Em uma cidade marcada pelo protagonismo do sertanejo, o Dia do Samba, celebrado neste 2 de dezembro, ganha um significado especial para quem insiste em manter vivas as rodas, o banjo, o pandeiro e a memória de um gênero que molda a cultura brasileira. Em Campo Grande, nomes como o grupo Top Samba e as irmãs do Sampri são exemplos de resistência, pioneirismo e renovação.
Para Vini Barreto, do Top Samba, a data sempre foi marcada por sentimentos misturados. Tocando pagode desde 2006, ele lembra que as referências da época - como Jeito Moleque e Inimigos da HP - eram frequentemente desacreditadas por quem defendia uma visão mais tradicional do gênero. Comentários como “isso não é samba” eram comuns. A virada de chave veio com uma frase do cantor Ferrugem: “Tudo é samba. Tudo veio do samba.”

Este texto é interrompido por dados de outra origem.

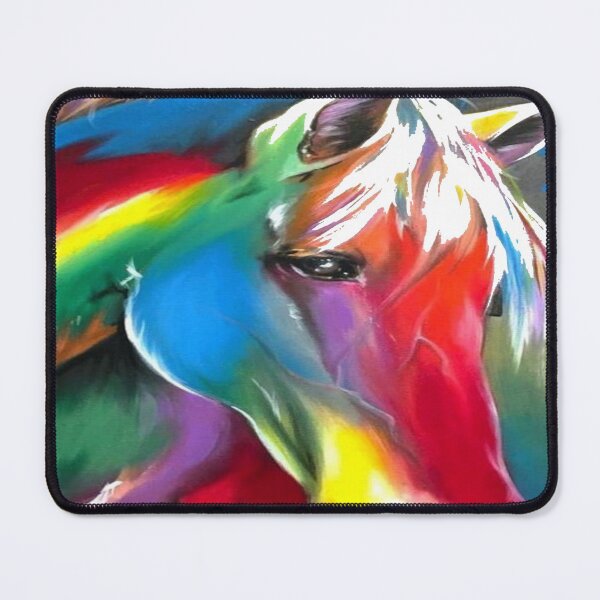 Item preview, horse in neon designed and sold by Teixeira224.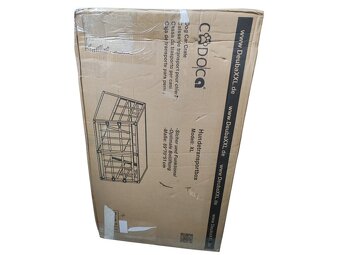 Dvojitý ALU box klec pro psa - 6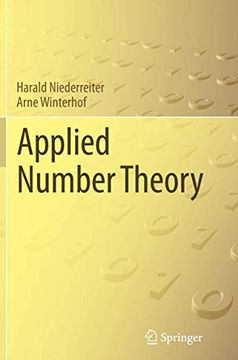 portada Applied Number Theory (en Inglés)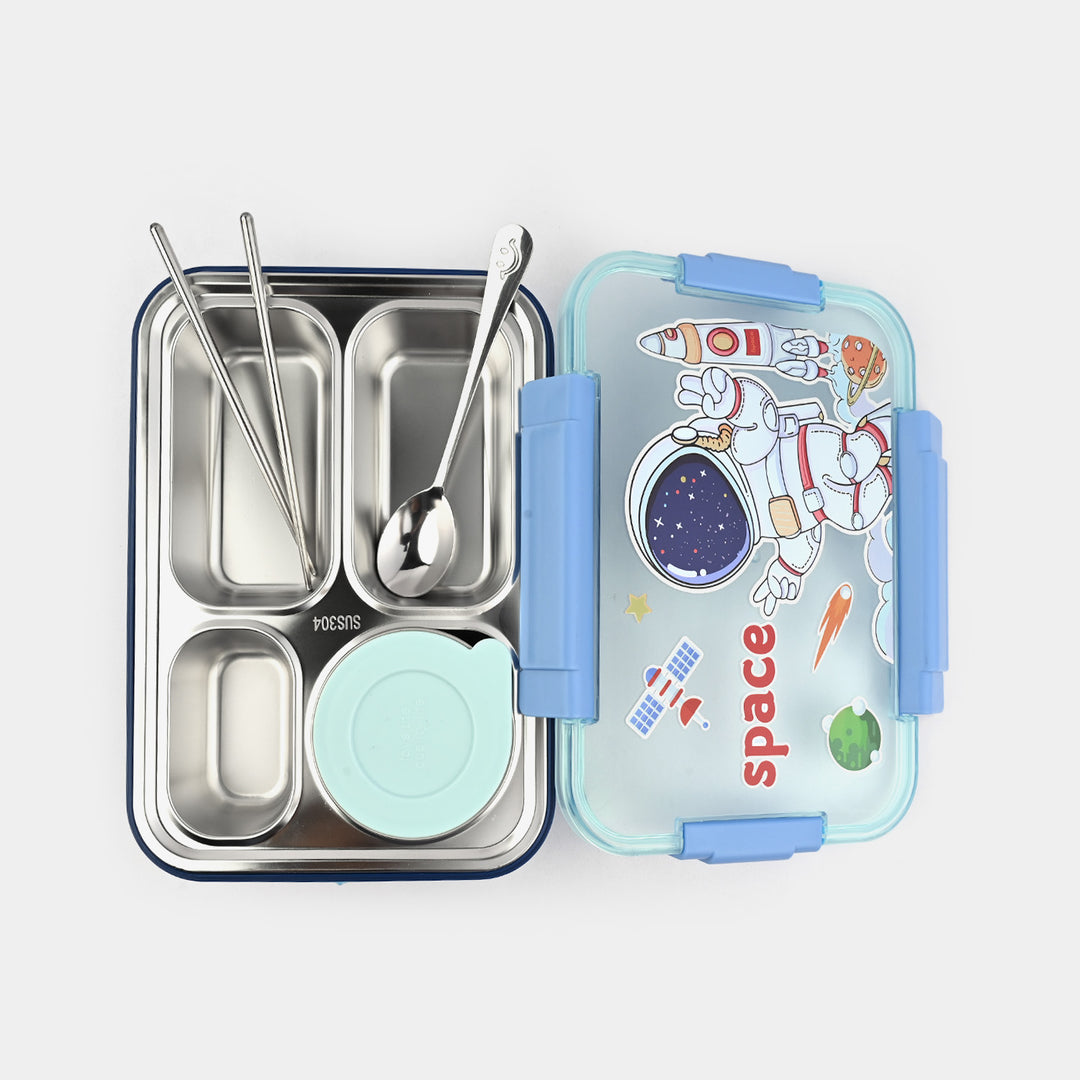 Durable & Leak-Proof Stainless Steel Lunch Box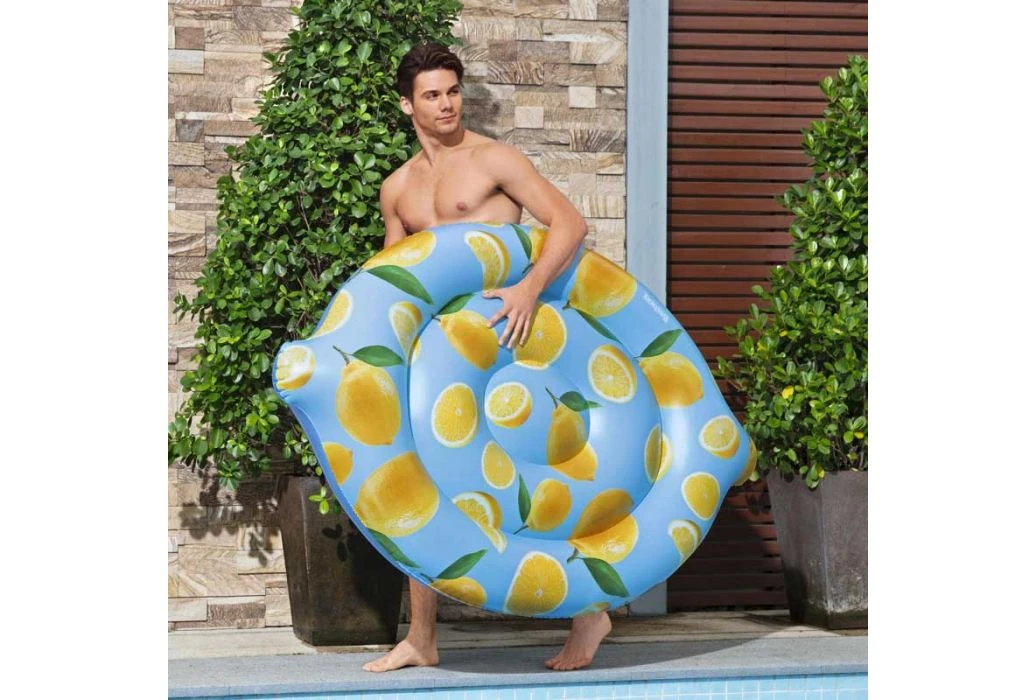 Bestway Luchtbed Scentsational Lemon - Afbeelding 6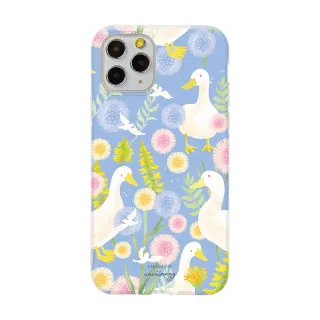 【TOYSELECT】iPhone 11 6.1吋 wwiinngg粉嫩春日防摔iPhone手機殼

O músico explica que essa compreensão o fez enxergar seu espaço na cena. “O pagode só existe porque antes veio o samba. Do samba surgiram tantas vertentes, e isso me trouxe conforto para reconhecer que faço parte do samba”, afirma. Em um estado onde o sertanejo dita tendências, estar há 19 anos em evidência é motivo de orgulho. Segundo ele, o grupo se mantém relevante por se reinventar e se conectar com a juventude. “Tudo que eu tenho devo ao Top Samba e, consequentemente, ao samba”, diz.
Irmãs do Sampri atuam há mais de 20 anos na cena local
As irmãs do Sampri compartilham trajetória semelhante de desafio e afirmação. Nascidas e criadas em Campo Grande e atuando profissionalmente desde 2002, elas se tornaram pioneiras no samba sul-mato-grossense como intérpretes, musicistas e compositoras. Para elas, cantar samba vai além do palco: é filosofia, identidade e resistência cultural. Com repertório pesquisado, atenção à estética e compromisso com a mensagem, as artistas valorizam desde autores pouco difundidos até a tradição das rodas.
O reconhecimento aos nomes que abriram caminho também marca a história do trio. Elas citam figuras como Bibi do Cavaco, Luiz Café, Toniquinho, Niltinho Marrom e Juci Ibanez, primeira grande referência feminina do samba em Campo Grande. “Máximo respeito a esses pioneiros”, afirmam.
Tanto o Top Samba quanto o Sampri destacam que o Mato Grosso do Sul tem uma cena rica, diversa e crescente. Em um ambiente muitas vezes dominado por outros gêneros, o samba segue ganhando espaço, visibilidade e novos públicos.
Neste Dia do Samba, quem sustenta a tradição local celebra não apenas a data, mas a força de um gênero que, apesar das adversidades, continua unindo, inspirando e abrindo caminhos para quem vem depois.
É importante lembrar - não como lamentação, mas como resultado de resistência e muita luta - que o samba era considerado crime no início do século XX. Tal fato se devia à famigerada e absurda "Lei da Vadiagem" e ao preconceiro racial e social contra a cultura afro-brasileira (que abrange desde a religiosidade ancestral até a música e, tristemente, ainda é identificável em pleno século XX!).
Àquela época, a simples posse de instrumentos de percussão, ou que pudessem ser ligados com o samba poderia ser associada à criminalidade e, portanto, "motivo" para prisão.
Foi a partir dos anos 1930 que o sambra passou a ser visto e valorizado como um dos símbolos da identidade nacional. E que bom que, quase 100 anos depois, podemos celebrar o Dia do Samba com muita energia, alegria, musicalidade e ancestralidade, marcas registradas do Brasil.